O primeiro problema é o isolamento social. Para lidar com doenças altamente infecciosas, o governo normalmente opta por uma quarentena forçada, o que traz consequências negativas. Além de ser uma violação de liberdade, essa situação aumenta a histeria por que leva muitos dos cidadãos a perderem seus empregos e a pararem de interagir uns com os outros, o que traz um impacto psicológico negativo para eles, aumentando a preocupação.
Outro problema é o comércio, por que, em períodos de epidemia, alguns produtos tendem a ficar mais caros, por que os cidadãos passam a ter uma demanda maior por eles, diante desse problema, muitos governos decidem proibir os comerciantes de venderam seus produtos a preços muito altos, porém, segundo mostram os estudos do economista Ludwig Von Mises, regular preços impede o calculo econômico e geram problemas para a economia.

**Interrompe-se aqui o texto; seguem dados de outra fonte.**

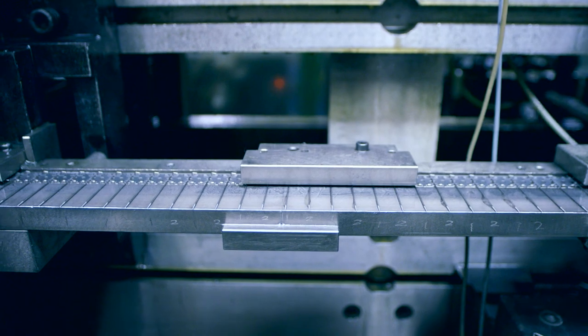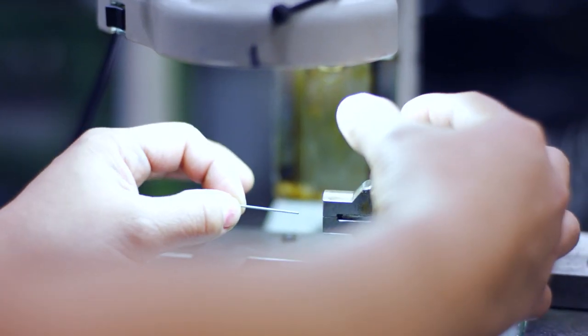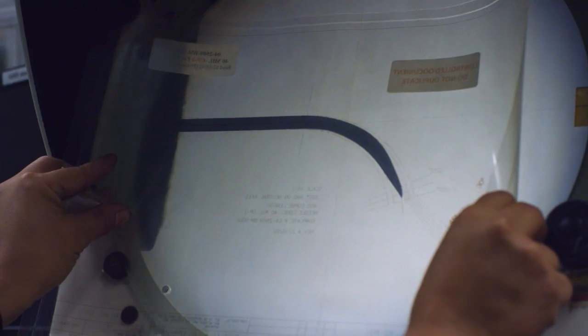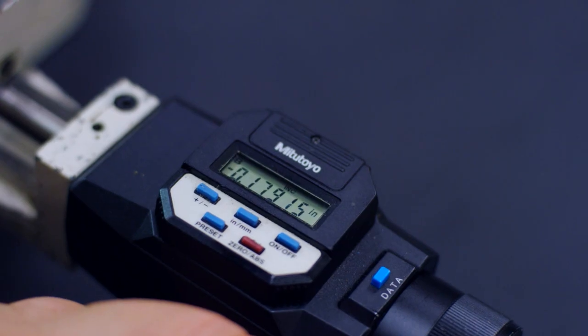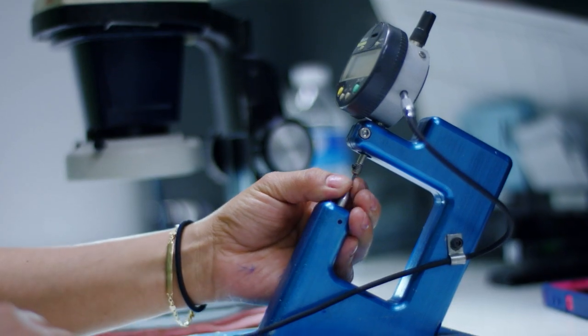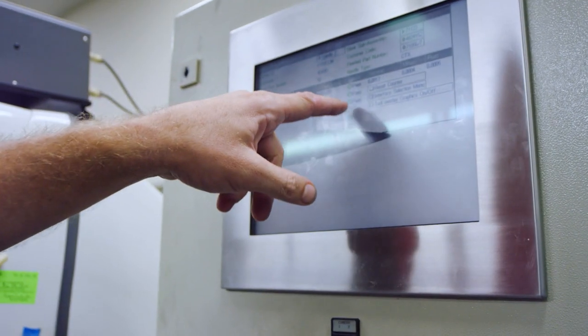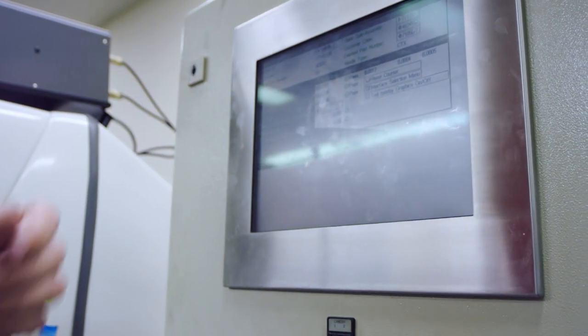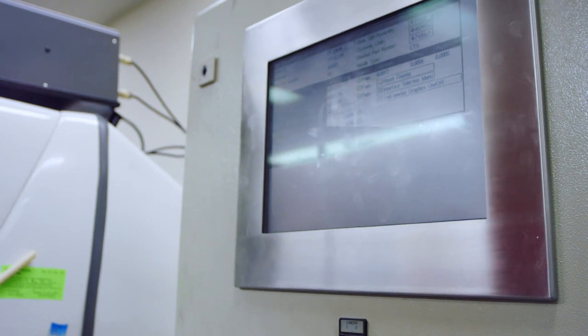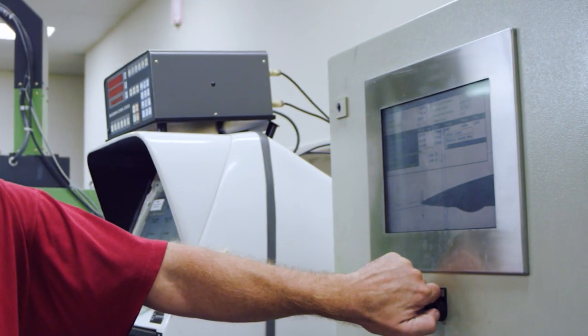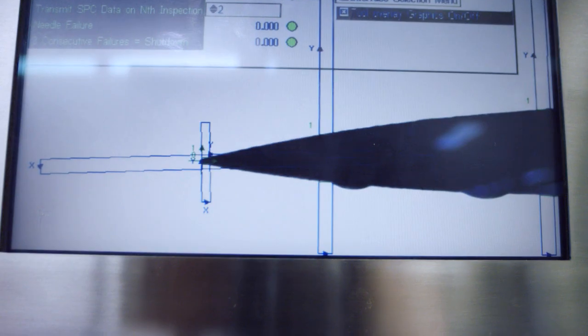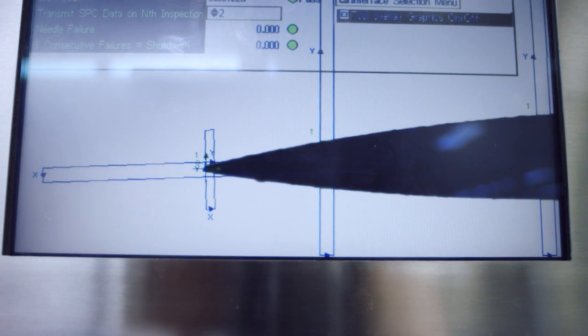Ethicon needles undergo numerous quality control checks throughout multiple manufacturing processes. Advanced high-speed vision systems constantly monitor tip profiles for accuracy. If there's something that happens to the needle during the process, the vision system picks it up.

Qualquer problema econômico pode levar ao aumento de escassez dos produtos, o que, em uma epidemia, vai agravar ainda mais a o medo desproporcional da população.
Assim, percebe-se que, para evitar ou, não piorar a histeria coletiva da população, é necessário que o governo interfira o minimo possível na situação e respeite as liberdades individuais dos cidadãos, se limitando apenas a conscientiza-los, campanhas e propagandas.